No.4 – Part 2 – Late The Following Afternoon

It was middle class suburbia at its finest. Thousands of identical houses on thousands of identical streets filled with thousands of identical people.

As he arrived at the short street he stopped and looked around, the snow had been falling since yesterday and every house was covered in a thick blanket of it and the windows of every house, bar one, were lit with twinkling Christmas lights.

It was only a short walk and he was standing at the edge of the driveway and staring at the dark unlit house remembering what it had been like to live there and how, even after all the years that had passed, it hadn’t changed.

“Do you know the owners?”

“What, sorry?” said the man starting to reach inside his coat and then relaxing as he recognised the speaker as one of the neighbours.

“I said, do you know the owners?”

“A little.”

“You do know they moved out over twenty years ago and no one’s seen them since? All a bit peculiar if you ask me.” said the neighbour.

“Why?”

“Well,” said the neighbour settling in to a well-rehearsed and favourite story, “it all happened in the space of an afternoon. They seemed perfectly normal and everything seemed to be fine, then one afternoon there they were dashing backwards and forwards filling the car with luggage and then they drove off and we haven’t seen them since. They just, well, disappeared. But if that wasn’t strange enough, they left their nephew behind. Personally, I think they were trying to escape from him. Apparently, he was criminally insane and went to some sort of special school and everything, but the funny thing is he disappeared as well. Some strange looking people turned up that same evening and the next thing we knew he’d gone as well.”

The neighbour paused to draw breath and then launched himself into the next chapter of his saga.

“And if that wasn’t enough every once in a while, we would see the lights on and hear noises.”

“Noises? What sort of noises?” asked the man.

“Just noises, you know, sounded like well banging noises, we thought it was burglars. I called the Police the first few times, but they said there was there was no one there and it was nothing.”

“Are you certain of what you heard?”

“Erm, well yes” the neighbour was finding the strange man’s sudden and intense interest unnerving, “well you know once when I was coming home late, I saw the front door was open and I heard voices.”

“What were they saying?”

“I couldn’t really make out all of it. But one thing I know I heard was one of the voices saying, well shouting, ‘it’s not here’, ‘I can’t find the bloody thing’ and then the other voice said ‘oi, c’mon lets go, he must have hidden it somewhere else’ and then there was those funny banging noises again, the front door slammed and that was all I heard.”

“How long ago was that?”

“About ten years ago.”

“Have you heard anything since?”

“No, nothing, look, erm, it was nice to meet you and all that but its late, you understand,” and with that the neighbour turned and rushed away.

As the man stared at the house mulling over the new information; the last of the daylight faded away and he felt the temperature start to drop quite quickly and the snow started falling in earnest.

He walked up to the front door and looked at it carefully, he noticed series of scratches on the lock and he could see they were meant to look like random scratches, but he recognised the pattern of four stars. He pulled off his glove and touched all four stars at once, they glowed briefly, and he heard a click as the door opened and swung inwards.

The door closed silently behind him. Looking around he could see nothing had changed since he was last in the house. There was a quiet ‘ting’ from his watch which told him time was short, so he turned and headed up the stairs; at the top he turned automatically and entered the smallest bedroom.

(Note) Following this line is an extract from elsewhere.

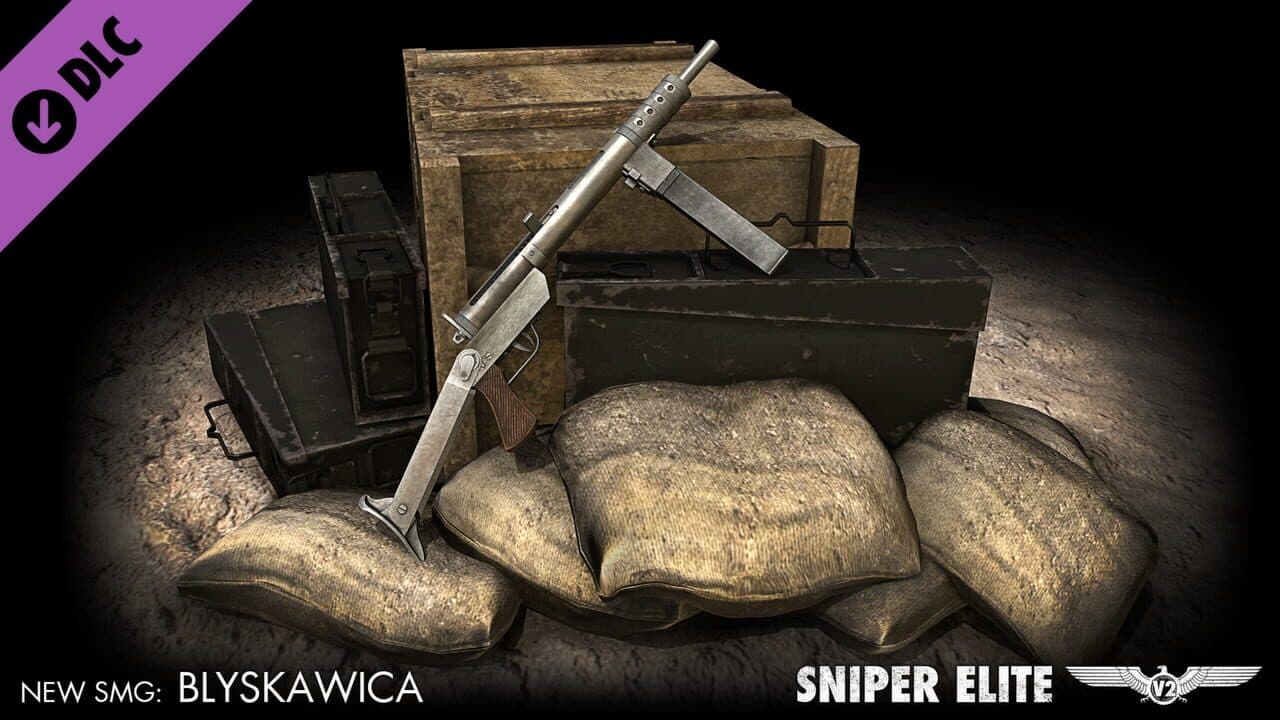 Sniper Elite V2: The St Pierre screenshot 1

It seemed very small now, he looked at the possessions he had left behind and smiled. Then he knelt down and folded back the carpet, removed the loose floorboard and reached into the hole; he felt around and eventually his fingertips brushed against something. He adjusted himself to reach a little further and caught hold of it and as he drew it from under the floor, he could see it was a long narrow box like the ones he had seen in the shop. He quickly pocketed it and as he replaced the floorboard and the carpet, he heard another quiet ‘ting that told him time was nearly up.

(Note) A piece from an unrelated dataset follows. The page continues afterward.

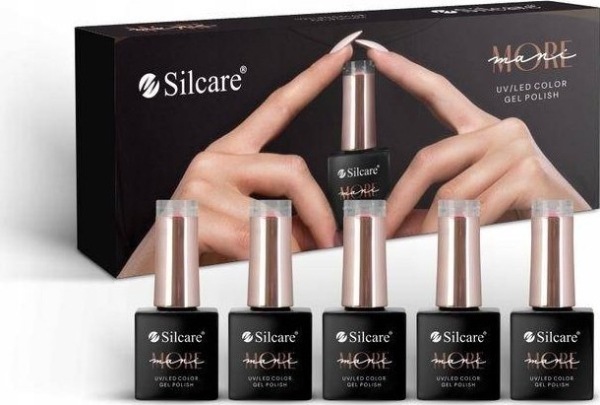 Actual product image Silcare Mani More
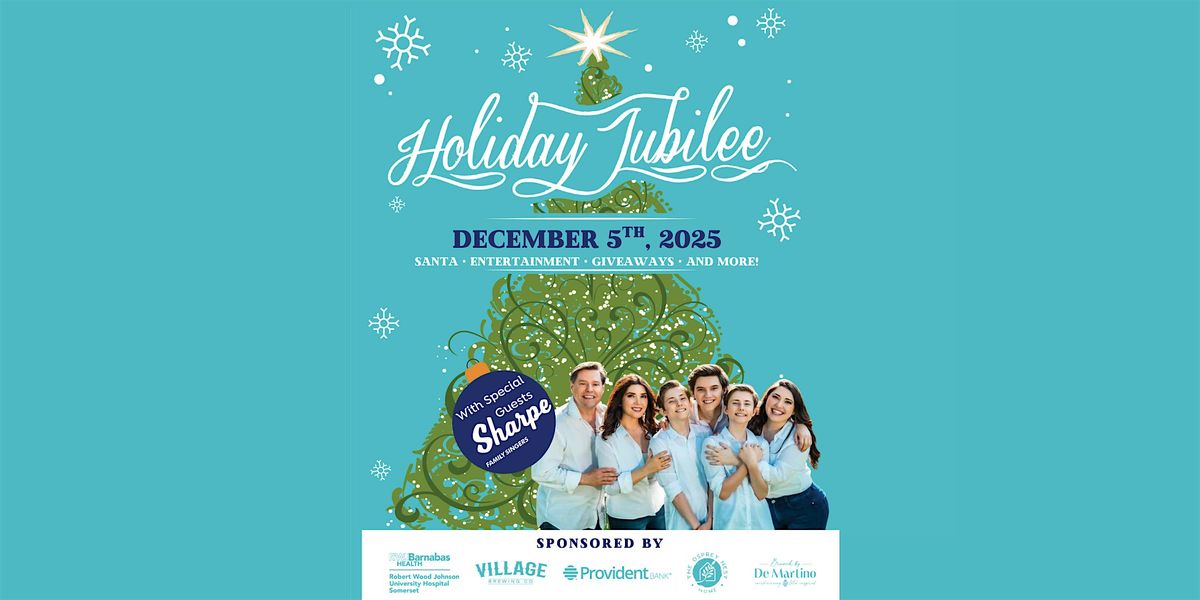 Downtown Somerville Holiday Jubilee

A few moments later checking to see that he had left no sign that he had been there he heard the third quiet ‘ting’ which told him he had run out of time and he had to leave now. He raced down the stairs and out of the front door, which closed silently behind him, and as he disappeared the scar on his forehead started to prickle.

 

Disclaimer: I don’t need to tell anyone who has read this far that the protagonist and locations used in this short story do not belong to me, they are the creation and property of JK Rowling. I am a fan of her work and simply wanted to know if I could take one of my favourite fictional characters and create a very short story.